Il presidente applica la sua logica imprenditoriale alla politica estera mentre Netanyahu ascolta, sorride e lascia fare.
‘L’apprendista’, il film che lo racconta da giovane figlio di papà durante i difficili anni ’70 e i vistosi ’80. Era impegnato nell’attività di grande demolitore e costruttore. Seguiva gli insegnamenti di un Roy Cohn, avvocato repubblicano, diventato faccendiere, amico della importante mafia newyorkese, soprattutto italiana di allora. La prima regola che Cohn spiega nel film e viene adottata subito da Trump fu: “attaccare, attaccare, attaccare”.

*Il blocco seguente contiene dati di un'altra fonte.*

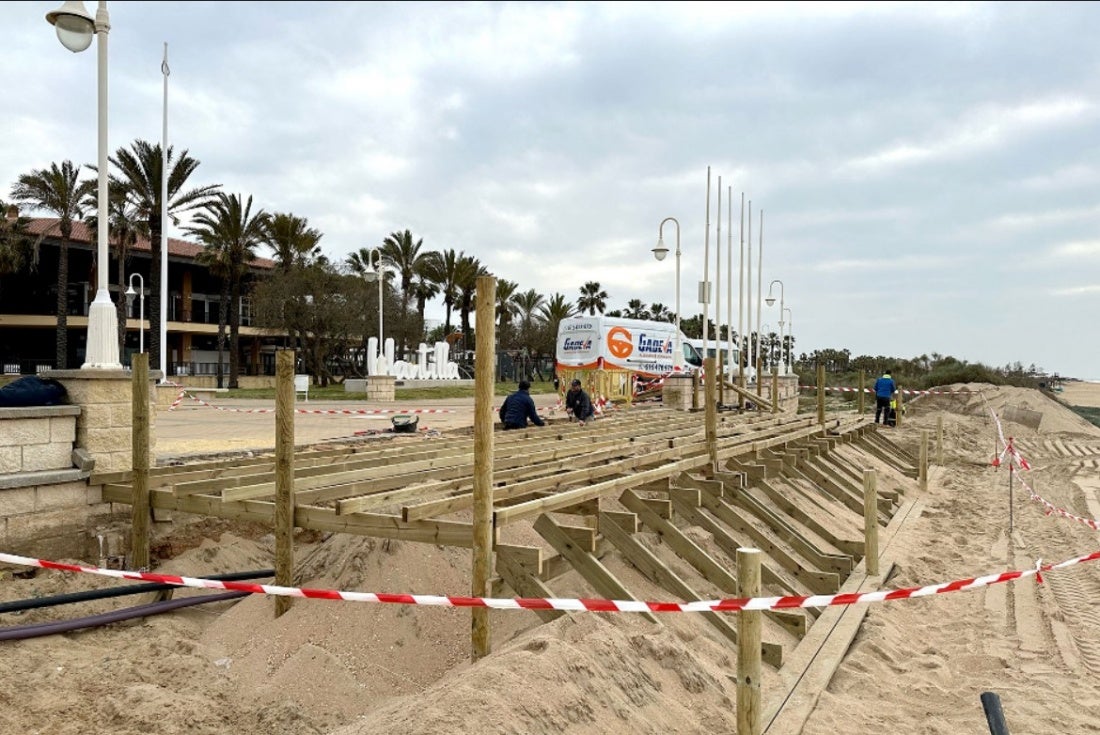 Arrancan las obras de remodelación del acceso central a la playa desde el Paseo Marítimo de Islantilla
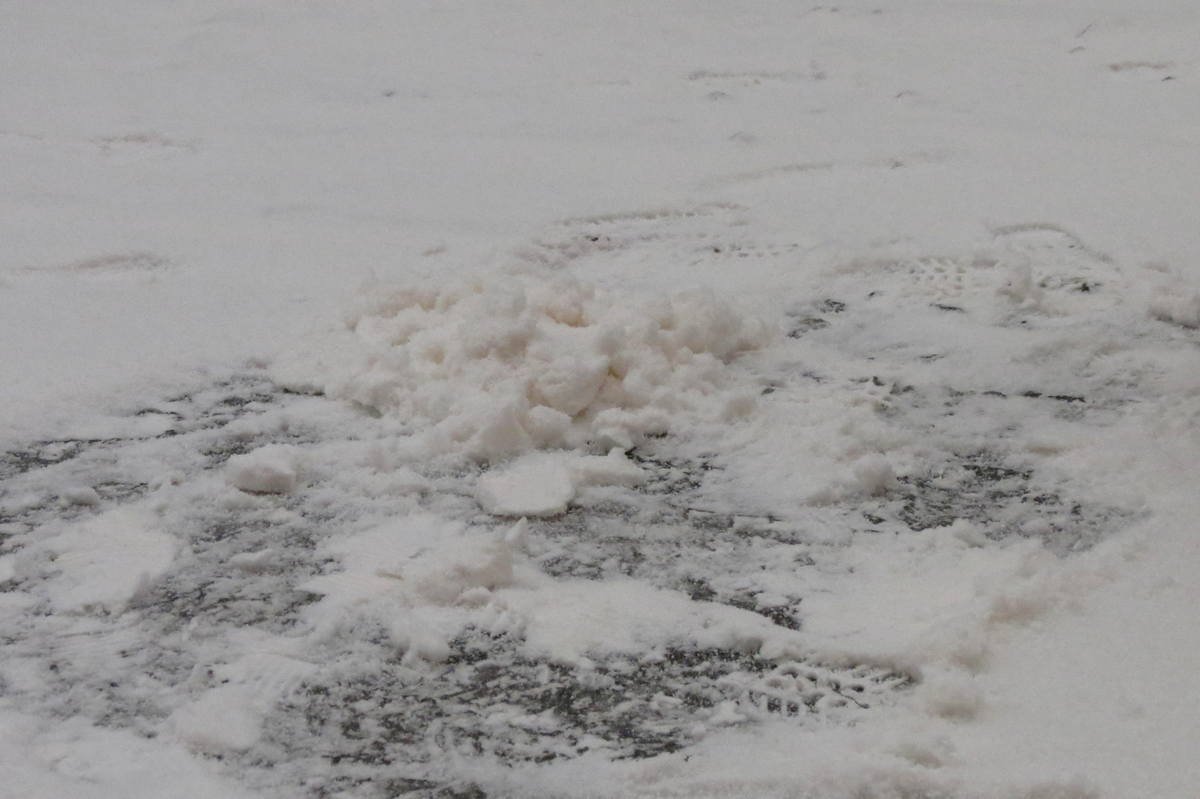 В Никополе выпал желтый снег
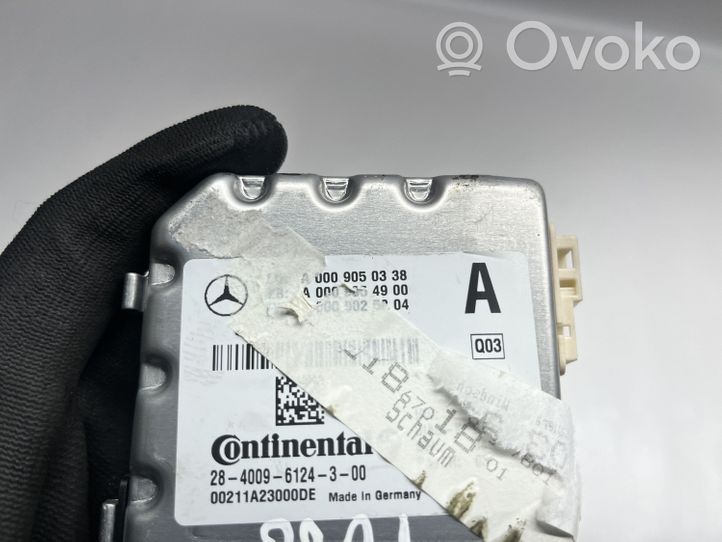 Mercedes-Benz CLS C218 X218 Kamera zderzaka przedniego A0009050338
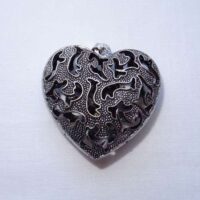 Cuore in metallo ciondolo "cuore cashmere" con sonaglio cm 4,6 x 4,4 x 1,95 argento
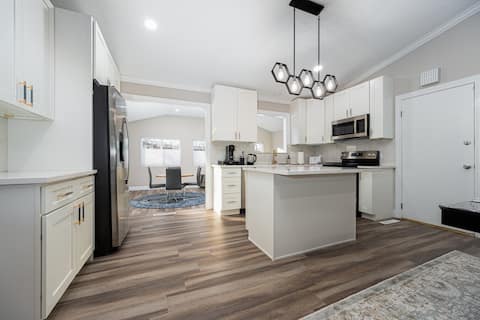 Gahanna Family-Friendly 4BR Retreat • King Bed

L’immobiliarista che ridisegna il mondo
Ancora una volta capo della Casa Bianca, invece di fare politica con i metodi più o meno tradizionali propone una strada meno tortuosa per comprare e vedere terreni (e popoli?) in giro per il mondo anche se appezzamenti più disastrati di quelli del Bronx o nel cuore di Manhattan di una volta. Innanzitutto, dice bisogna sgomberare gli inquilini. In questo caso, un paio di milioni, più o meno di palestinesi. Donne, uomini, bambini stravolti dagli effetti di un anno e mezzo di bombe israeliane. Per loro ha idee non proprio nuove e difficoltà obiettive che, sostiene, una buona trattativa multilaterale dovrebbero riuscire a risolvere.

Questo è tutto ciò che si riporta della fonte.